* _TASK ITEM_:
Write out exactly the lines below starting at the one containing "Đề tài Phân" and ending at the one containing "CORSAIR QX120 CO-9051023-WW". Omit every picture.

* _MATERIAL PROVIDED_:
▬▬▬▬▬▬▬▬▬▬

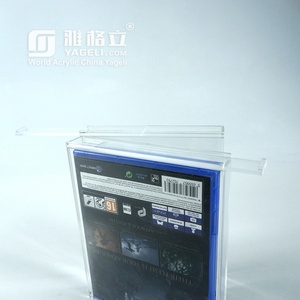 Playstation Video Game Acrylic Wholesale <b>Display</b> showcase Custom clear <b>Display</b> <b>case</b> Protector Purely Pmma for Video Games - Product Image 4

▬▬▬▬▬▬▬▬▬▬

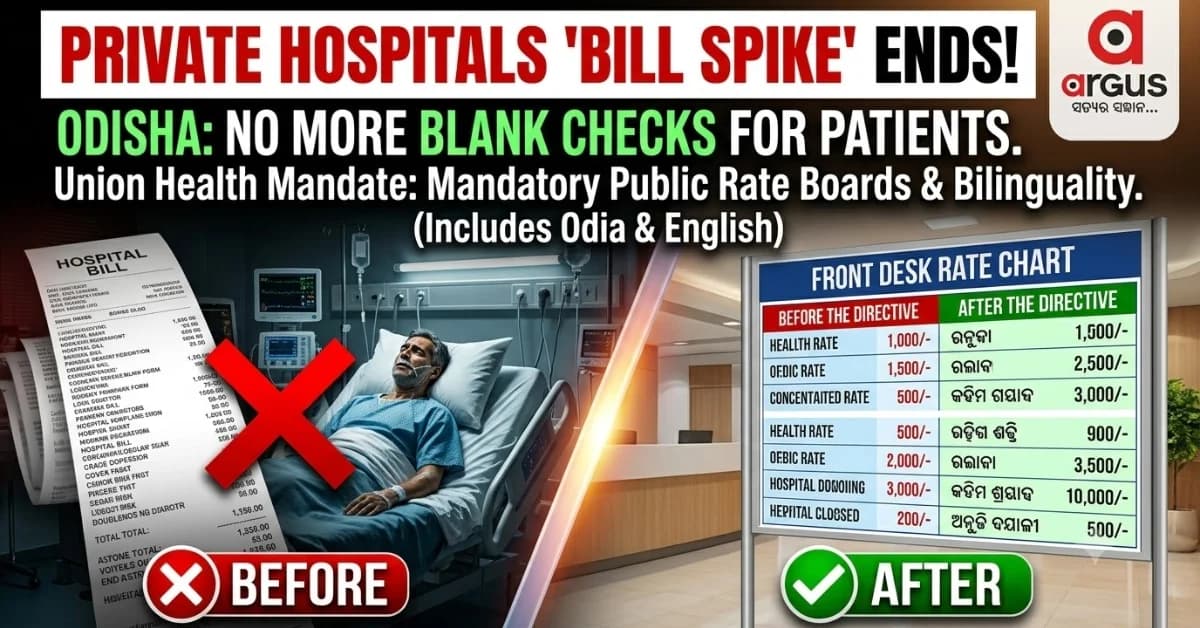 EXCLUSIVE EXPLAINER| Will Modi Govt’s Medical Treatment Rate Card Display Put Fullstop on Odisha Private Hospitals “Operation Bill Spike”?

▬▬▬▬▬▬▬▬▬▬

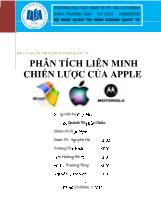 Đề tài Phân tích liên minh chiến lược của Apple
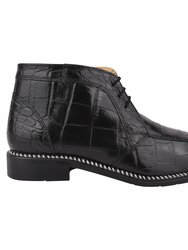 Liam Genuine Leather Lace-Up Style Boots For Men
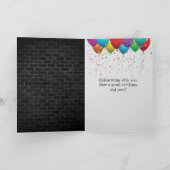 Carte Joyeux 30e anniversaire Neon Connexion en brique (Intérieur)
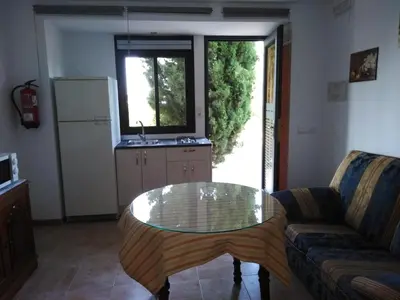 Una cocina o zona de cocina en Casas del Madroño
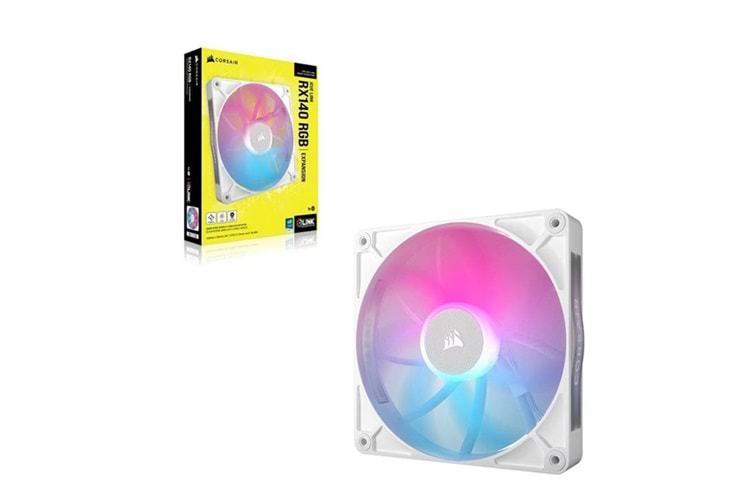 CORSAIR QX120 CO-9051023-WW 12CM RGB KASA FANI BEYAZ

▬▬▬▬▬▬▬▬▬▬

* _WRITTEN SOLUTION_:
 Đề tài Phân tích liên minh chiến lược của Apple
 Liam Genuine Leather Lace-Up Style Boots For Men
 Carte Joyeux 30e anniversaire Neon Connexion en brique (Intérieur)
 Una cocina o zona de cocina en Casas del Madroño
 CORSAIR QX120 CO-9051023-WW 12CM RGB KASA FANI BEYAZ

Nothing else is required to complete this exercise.